The release of Data Engine, however, enables even single developers to implement an active learning pipeline in short order.

This post talks about various things you should consider when setting up an active learning pipeline. As reference, you can see a complete active learning pipeline in a Jupyter Notebook, created using Data Engine in the Tooth Fairy project. This project is a case study, where we worked with a domain expert to create a model which could segment teeth in dental x-rays.

What is Active Learning?

Active learning is semi-supervised learning with a human-in-the-loop. The main difference to standard supervised learning is that rather than having humans label all training data, an algorithm or model chooses which data should be labeled.

Why Active Learning?

The big appeal of using active learning is training more accurate models using less data.

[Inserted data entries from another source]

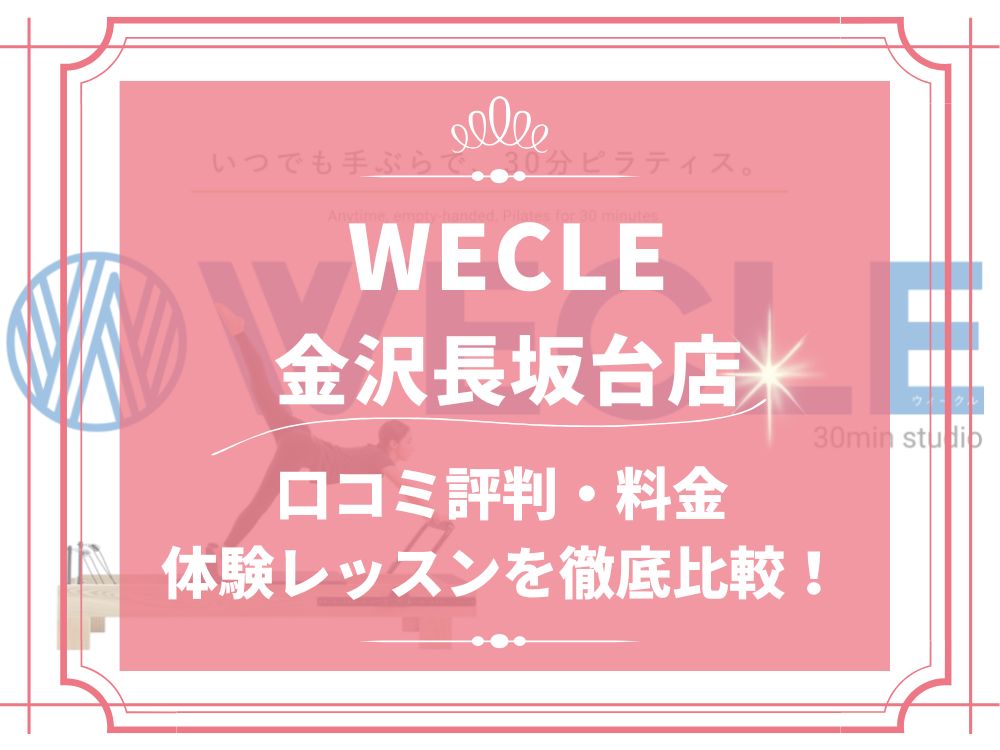 WECLE 金沢長坂台店 ウィークル 口コミ 評判 料金 体験レッスン 比較 安い マシンピラティス 株式会社nobitel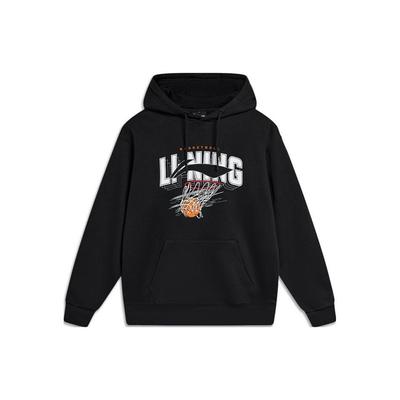 Li Ning Sportmode Serie Buchstabenaufdruck Lässiger Fleece Kapuzenpullover Langarm Frühherbst Sweatshirt Herren Sweatshirt Schwarz AWDU969-1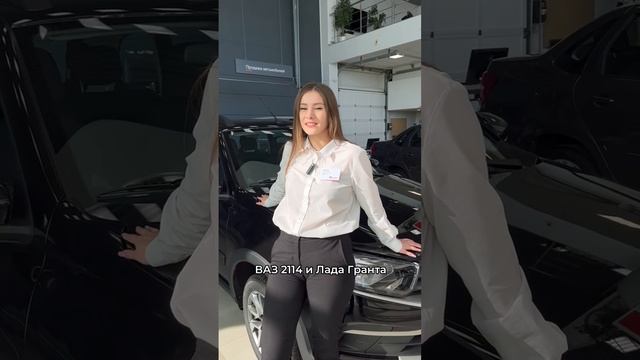 LADA занимает весь топ вторичного рынка.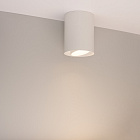 Светильник SP-FOCUS-R110-18W Warm3000 (WH, 36 deg, 230V) (Arlight, IP54 Металл, 5 лет) Lednikoff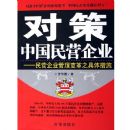 �Բ��й���Ӫ��ҵ---��Ӫ��ҵ�������֮��ʩ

Active learning is a data-centric approach to machine learning, where we focus on labeling samples, from which our models can learn the most. This, correctly, implies that not all data is created equal. Some samples may be information dense. Perhaps they contain an edge case the current model has never encountered. Other samples may offer only shallow insights. The model has already learned the patterns they contain and doesn’t truly need them.

By focusing on these information dense, “hard” samples, our model can learn more efficiently, reducing the amount of data we need to label.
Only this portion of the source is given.